So I started thinking about what kind of harness would help me accomplish goals over a long horizon. Where there was more structure to the work than "here's an agent, go do stuff." Where the system tracked not just what agents did, but whether it was working, and what to do differently next time.
The Architecture That Emerged
ChiefOfStaff is project-first. Each project has an objective, measurable key results, and initiatives — strategic thrusts that group related work. Under those, tasks. The agents serve the projects, not the other way around.
An agent is a container for perspective and skills. My writer has specific instructions about voice and structure. My researcher knows how to score signals and extract what matters. My CMO thinks about go-to-market strategy and audience psychology.

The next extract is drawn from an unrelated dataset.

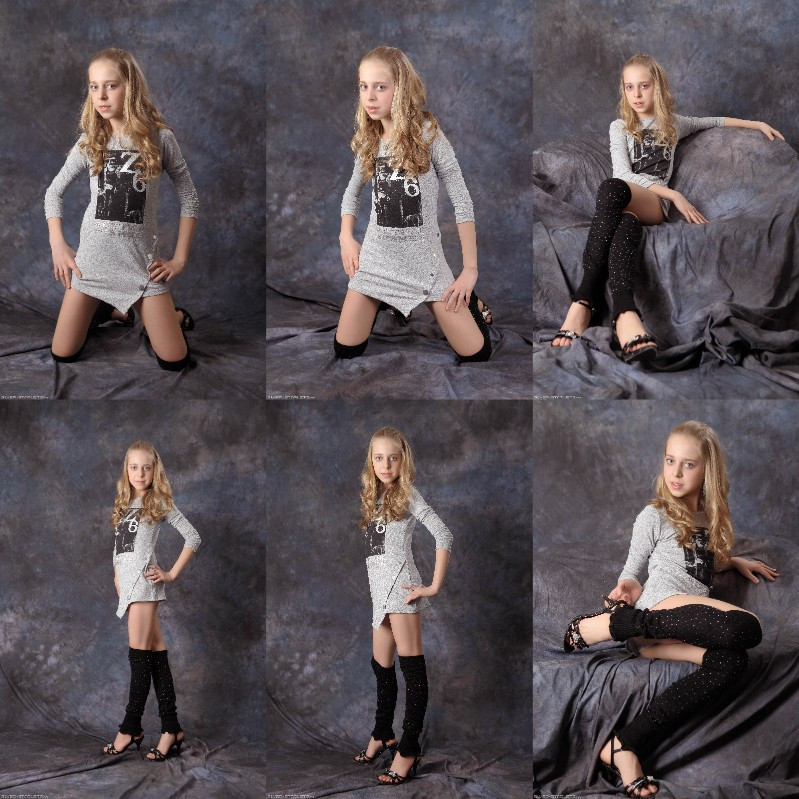 [Image: pwQL2gxd5G.jpg]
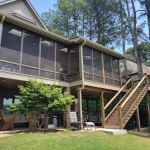 Ace Roof & Construction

But those perspectives only matter when they're applied to concrete work inside a project with clear goals.
Tasks flow through a wave deployer that wakes up every sixty seconds, finds what's ready, and dispatches it to the right agent. The agent enters the project's working directory with full context. It can read files, write code, post to databases, adjust website copy. When it finishes, the work enters a review queue.

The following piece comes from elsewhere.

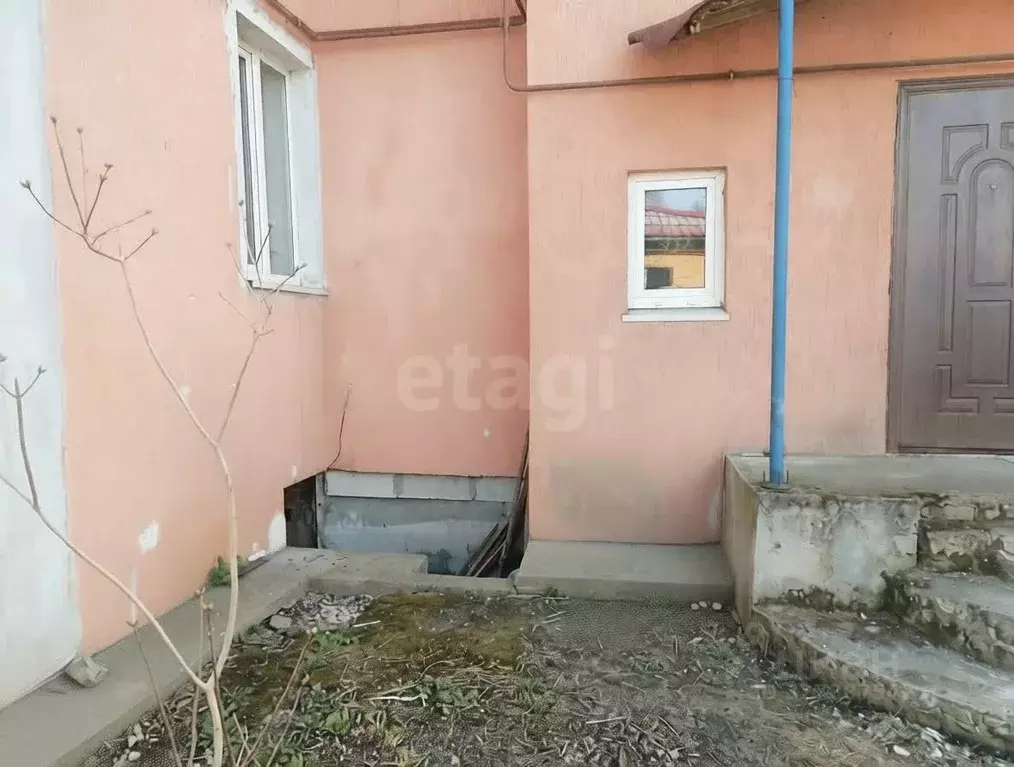 Дом в Калининградская область, Калининград пер. 1-й Камский, 13 (145 ... - Фото 2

The review queue is where the system actually learns. Every review decision — approve, revise, reject — generates a structured record. What was tried, what worked, what didn't, what the reusable pattern is. Those learnings accumulate. The agents can check them before starting similar work. Month three output is meaningfully better than month one, not because the model improved, but because the system has absorbed dozens of specific lessons about what good output looks like for each project.
The Overnight Run
A few nights ago, I queued fifteen tasks across my projects. Research, coding, content drafts, bug fixes. The system ran overnight.
I woke up to eight GitHub commits. Five items in my review queue. Research summaries ready to read. Build notifications in Telegram.

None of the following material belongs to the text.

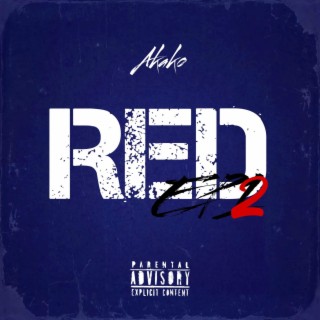 Red vol.2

That was the moment the harness justified itself. Not because any individual agent did something impressive — but because the system maintained coherence across fifteen tasks, four projects, and multiple agents without me being there. It knew what each project needed, dispatched the right work to the right agents, and queued everything that needed my judgment.
Sequential Quality
The latest evolution came from a simple observation: one-shot agent work isn't good enough for anything you care about. A single pass produces a first draft. First drafts need revision.
So we built task pipelines — sequential queries where the agent works in phases. For code: implement, then review your own work for edge cases and fix the obvious ones, then commit and clean up. For content: research and draft, then self-critique for tone and accuracy, then revise.
The agent preserves full context between phases because it's the same session. It knows every tradeoff it made, every corner it cut. A debrief turn while the agent still has that context is the cheapest quality lever available — cheaper than a separate review agent that has to reconstruct context, cheaper than human review hours later.
On top of the pipelines, hooks fire as compliance checks. Did the agent actually commit its changes? Did it capture what the next agent needs to know? Hooks are cheap, reliable, and attach to agents rather than tasks. The pipeline defines what work gets done. The hooks verify it actually happened.
What Grounds All of This
The models will keep getting better. Context windows will grow. Capabilities will expand. But the thing that makes agents useful isn't the model — it's the data surrounding it. Real project goals with measurable outcomes. Real task history showing what was tried and what worked. Real learnings from real review cycles. Real context about what the project is, what the audience cares about, what the brand sounds like.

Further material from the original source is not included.